# PROBLEM TO SOLVE
Skip the images and copy each record exactly as written.

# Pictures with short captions
━━━━━━━━
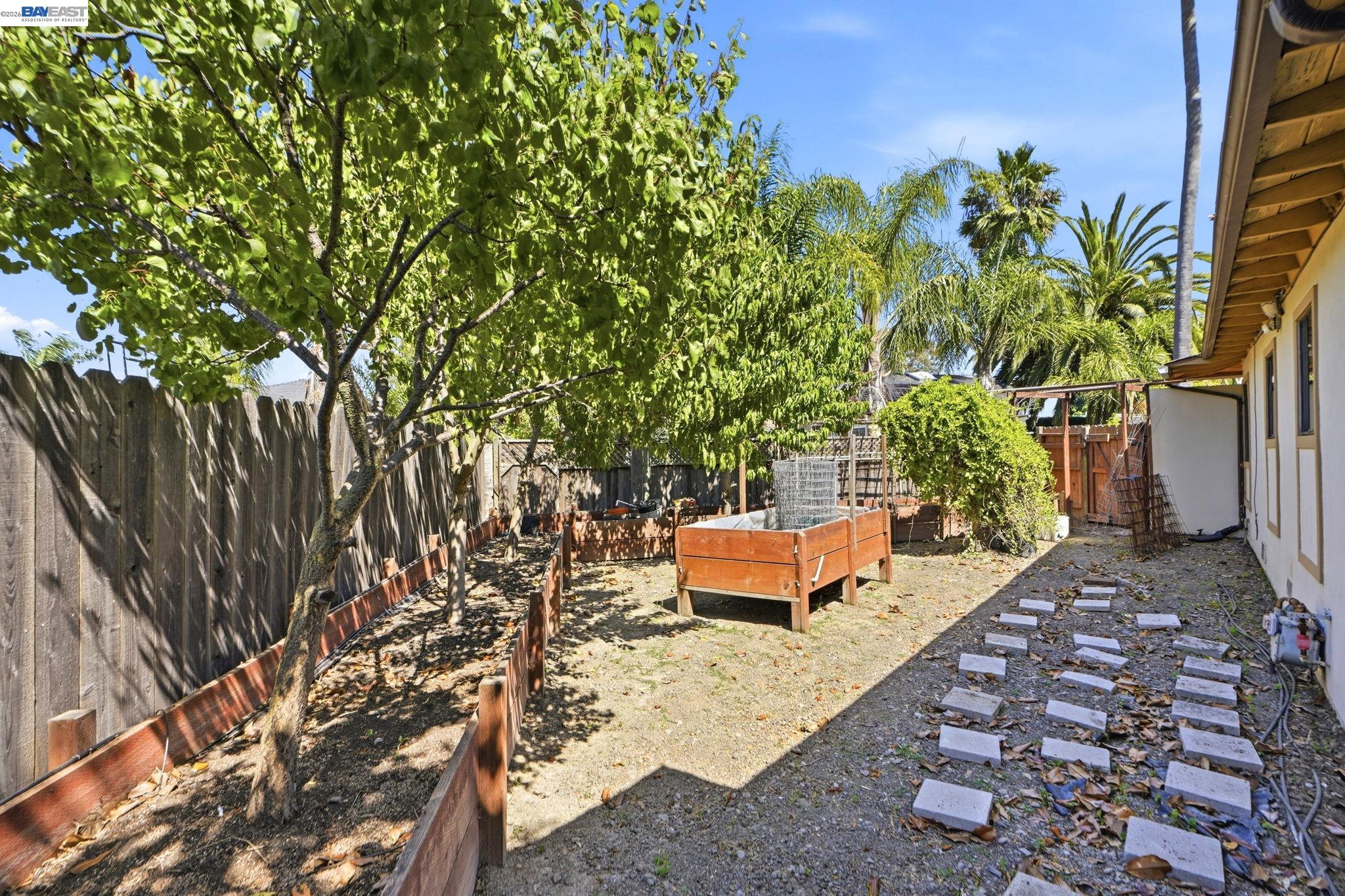 893 Bel Marin Keys Blvd, Novato CA 94949 — photo 35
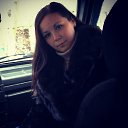 ���� �����, ������� - ��������� 13 ������� 2014 � ������ ���� ����������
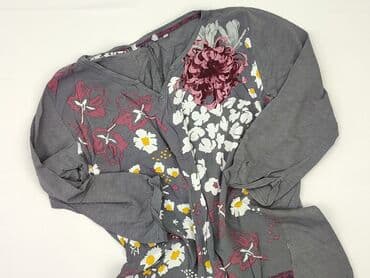 wu tang t shirty: Women`s tunic, size M (EU 38) — 1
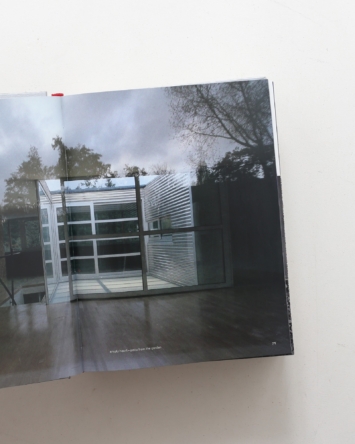nsts-00927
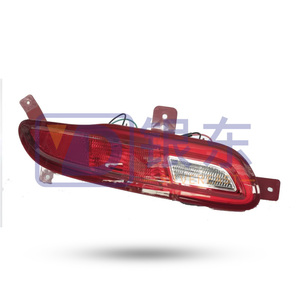 อุปกรณ์เสริมรถยนต์อะไหล่รถยนต์สำหรับ Chery Tiggo 2 3 4 5 5x7 8 arrizo 3 5 6 7 8 jetour exeed - Product Image 5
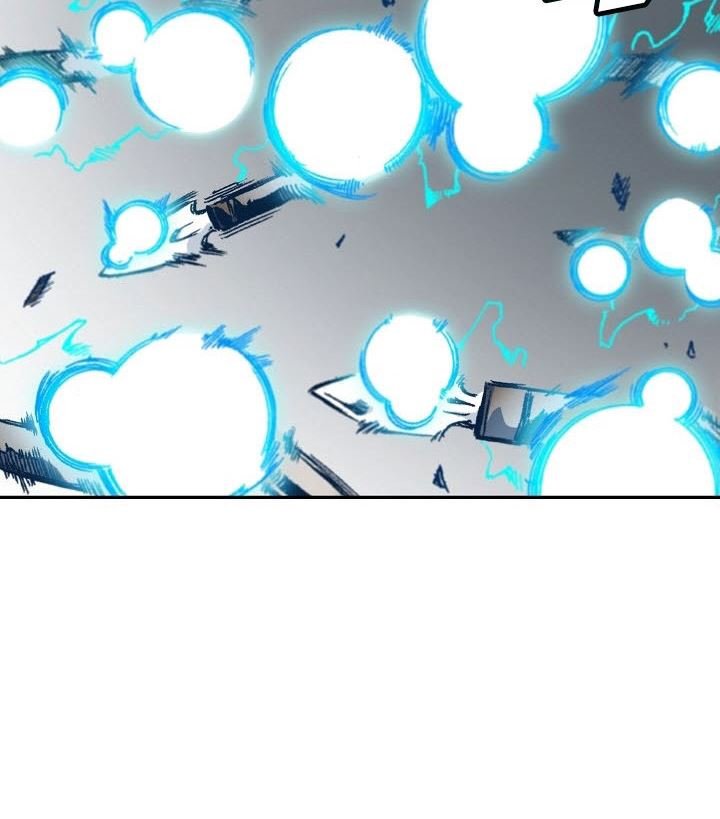 Memoir Of The King Of War Chapter 60 Image 100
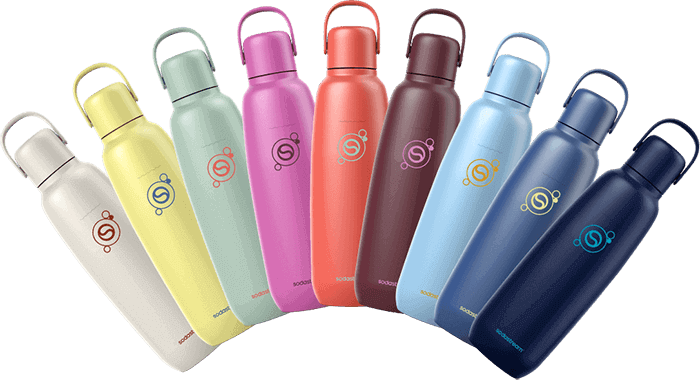 design, który wyraża Twój charakter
━━━━━━━━
# WRITTEN ANSWER
 893 Bel Marin Keys Blvd, Novato CA 94949 — photo 35
 ���� �����, ������� - ��������� 13 ������� 2014 � ������ ���� ����������
 wu tang t shirty: Women`s tunic, size M (EU 38) — 1
nsts-00927
 อุปกรณ์เสริมรถยนต์อะไหล่รถยนต์สำหรับ Chery Tiggo 2 3 4 5 5x7 8 arrizo 3 5 6 7 8 jetour exeed - Product Image 5
 Memoir Of The King Of War Chapter 60 Image 100
 design, który wyraża Twój charakter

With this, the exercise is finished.